Dear All,
I have been using the sequences and annotations for mouse from tophat website here and specifically the UCSC version mm10.
I see that the sequences (genome.fa) contains Chr1- Chr19, ChrX, ChrY and ChrM
... while the corresponding GTF file contains features for these random chromosome sequences such as Chr4_JH584294_random
.
I was trying to calculate rpkm
values for my alignment (tophat bam files
that used this genome sequences) using the GTF.
library(IRanges)
library(Rsamtools)
library(GenomicFeatures)
library(GenomicRanges)
aligns<- readBamGappedAlignments(filepath\accepted_hits.bam)`
txdb<-makeTranscriptDbFromGFF("genes.gtf", format="gtf",species="Mus musculus",dataSource="http://tophat.cbcb.umd.edu/igenomes.shtml")
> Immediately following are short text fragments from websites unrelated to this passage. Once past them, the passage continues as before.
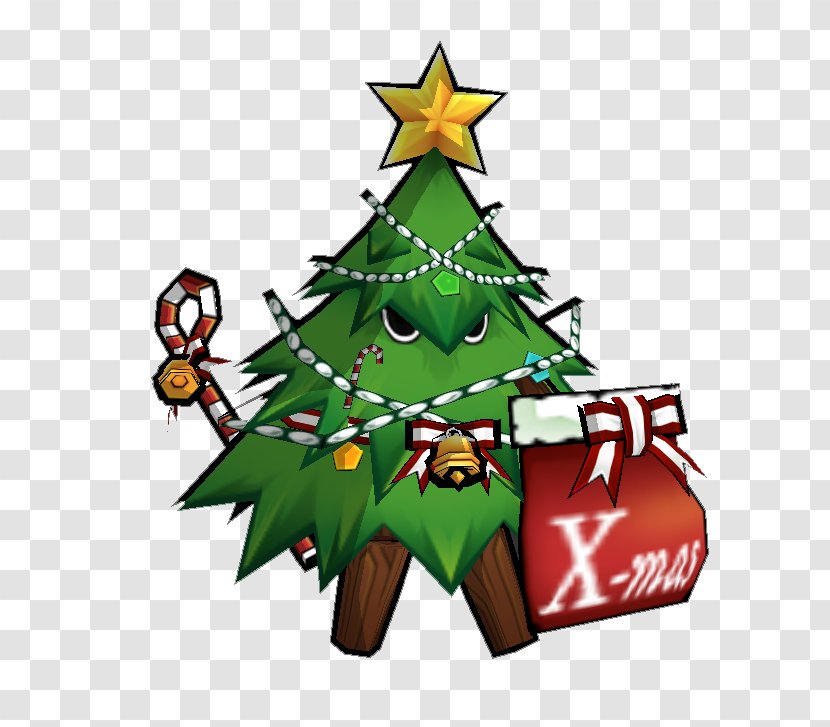 Christmas Tree Ornament Fir Clip Art - Pine Family - Cash Coupons Transparent PNG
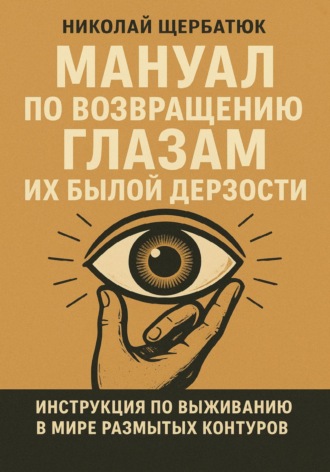 Мануал по возвращению глазам их былой дерзости. 
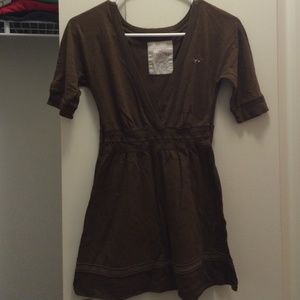 Hollister 3/4 length top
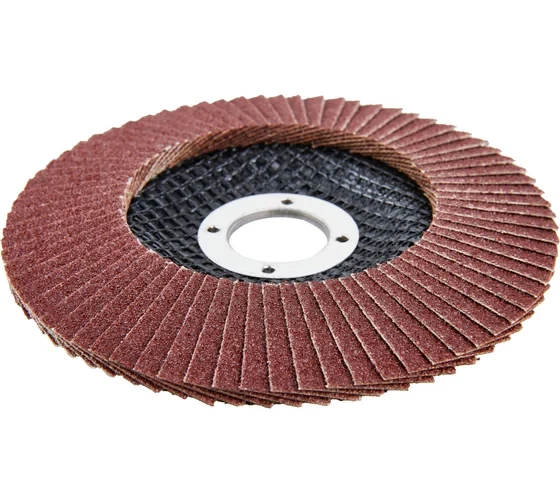 Диск лепестковый ф125x22.2мм, P100 Elitech 1820.174800 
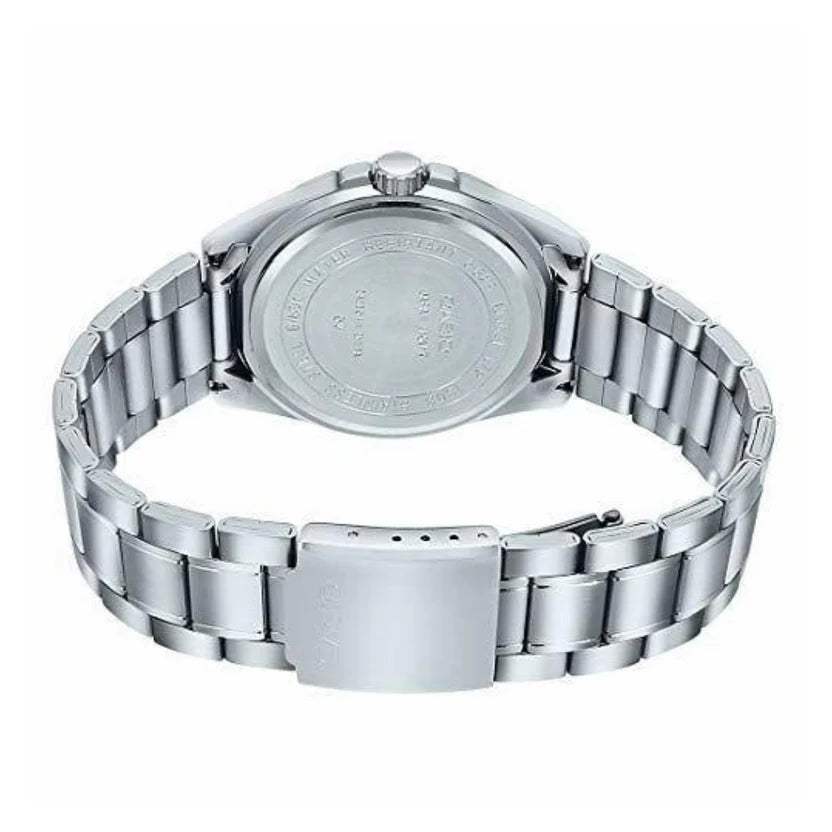 Reloj Casio MTP-1308D-1A2V Negro Acero 50M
exonRanges.gene<-exonsBy(txdb,"gene")`
seqlevels(aligns)
[1] "chr1" "chr10" "chr11" "chr12" "chr13" "chr14" "chr15" "chr16" "chr17" "chr18" "chr19" "chr2" "chr3" "chr4" "chr5" "chr6"
[17] "chr7" "chr8" "chr9" "chrM" "chrX" "chrY"
seqlevels(exonRanges.gene)
[1] "chr13" "chr9" "chr6" "chrX" "chr17"
[6] "chr2" "chr7" "chr18" "chr8" "chr4"
[11] "chr19" "chr5" "chr16" "chr11" "chr10"
[16] "chr14" "chr1" "chr3" "chr15" "chr12"
[21] "chrY" "chrX_GL456233_random" "chr5_JH584299_random" "chr5_JH584298_random" "chr4_GL456216_random"
[26] "chr4_GL456350_random" "chr4_JH584294_random" "chr4_JH584293_random" "chr5_GL456354_random" "chr7_GL456219_random"
[31] "chr5_JH584296_random" "chr5_JH584297_random" "chr4_JH584292_random" "chr1_GL456221_random" "chrUn_JH584304"
Because they have different Chromosomes (extra chrN_XXXXX_random
), I get the following error/warnings.
1: In .deduceExonRankings(exs, format = "gtf") :
Infering Exon Rankings. If this is not what you expected, then please be sure that you have provided a valid attribute for exonRankAttributeName
2: In matchCircularity(chroms, circ_seqs) :
None of the strings in your circ_seqs argument match your seqnames.
3: In .Seqinfo.mergexy(x, y) :
Each of the 2 combined objects has sequence levels not in the other:
- in 'x': chrX_GL456233_random, chr5_JH584299_random, chr5_JH584298_random, chr4_GL456216_random, chr4_GL456350_random, chr4_JH584294_random, chr4_JH584293_random, chr5_GL456354_random, chr7_GL456219_random, chr5_JH584296_random, chr5_JH584297_random, chr4_JH584292_random, chr1_GL456221_random, chrUn_JH584304
- in 'y': chrM
Make sure to always combine/compare objects based on the same reference
genome (use suppressWarnings() to suppress this warning).
I understand that this is due to conflict in Chromosomes and I can handle this by deleting the ChrN_XXXXXX_random
features from .gtf
file or by ` aligning to genome with these sequences. Is there any advantages or disadvantages (right/wrong) for the former or later.
Any other work around for this? additionally, I would like to know, if there is any genome/gtf build that can be downloaded which is coherent in these respects for mouse, rat and human genome. Thanks in advance!!
Thanks!! That sounds promising.. I should nevertheless try Ensembl Annotations!!